- _Stored data_:

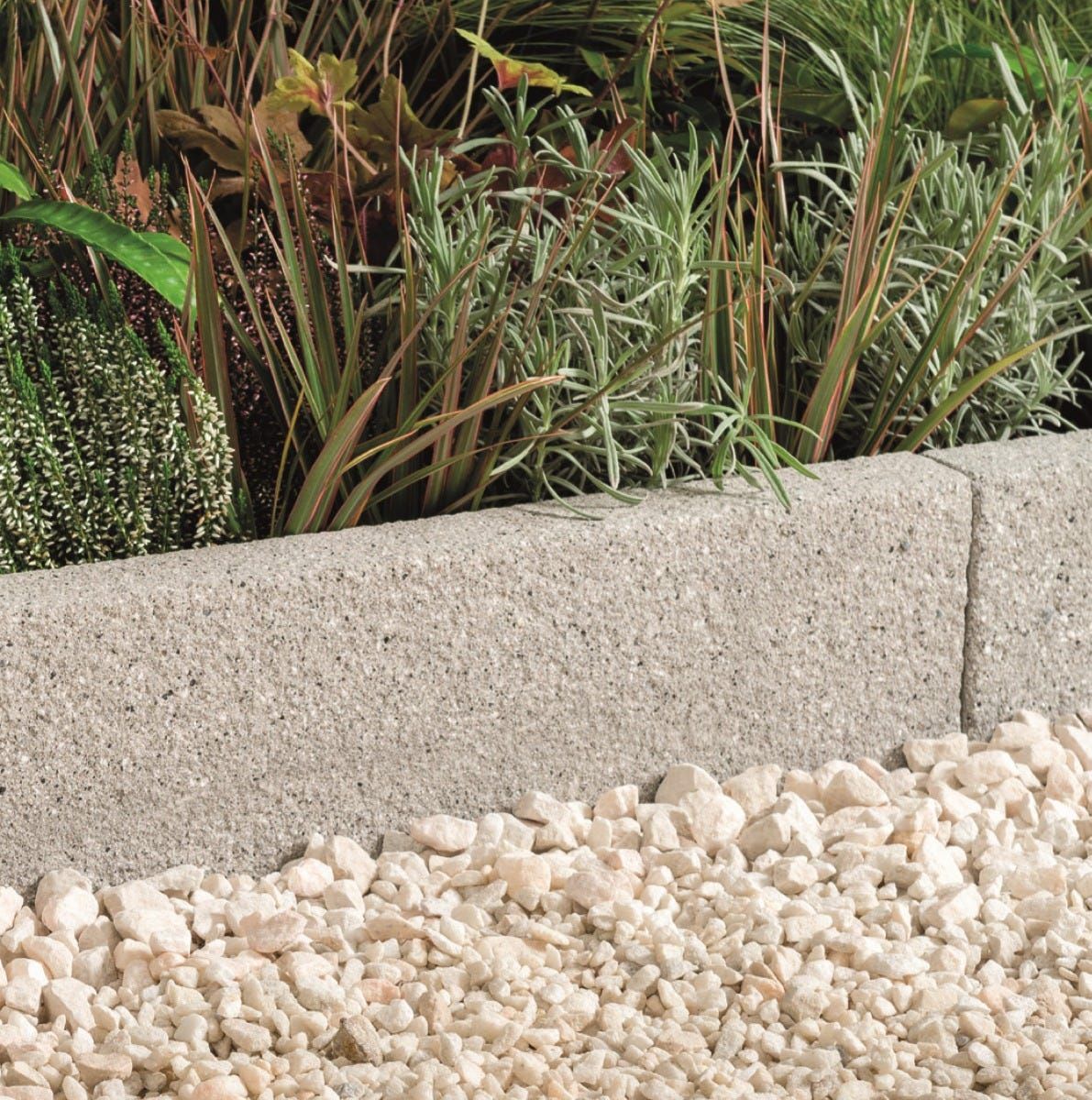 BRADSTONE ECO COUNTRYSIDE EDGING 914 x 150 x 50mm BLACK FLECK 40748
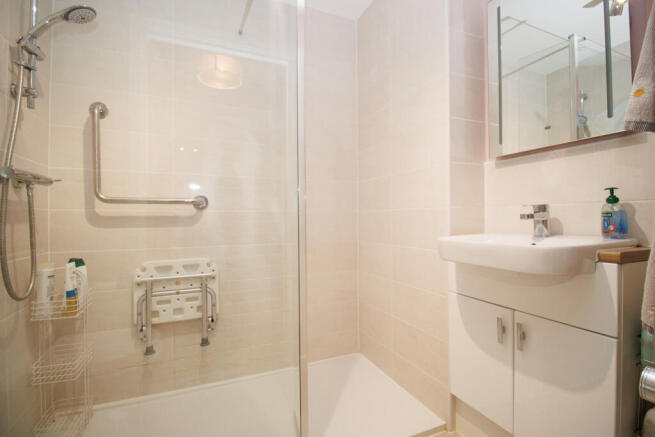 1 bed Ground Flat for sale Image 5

==

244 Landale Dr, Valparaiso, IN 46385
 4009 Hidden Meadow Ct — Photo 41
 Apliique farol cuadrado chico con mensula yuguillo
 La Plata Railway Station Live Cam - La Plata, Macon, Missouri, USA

* * *

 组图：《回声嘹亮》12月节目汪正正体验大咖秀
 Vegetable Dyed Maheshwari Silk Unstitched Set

- _How to complete this task_: The response must repeat exactly the lines above from the one with "BRADSTONE ECO COUNTRYSIDE" through the one with "1 bed Ground Flat for sale Image 5", including both, and must contain no pictures and no other text.

- _Task response_:
 BRADSTONE ECO COUNTRYSIDE EDGING 914 x 150 x 50mm BLACK FLECK 40748
 1 bed Ground Flat for sale Image 5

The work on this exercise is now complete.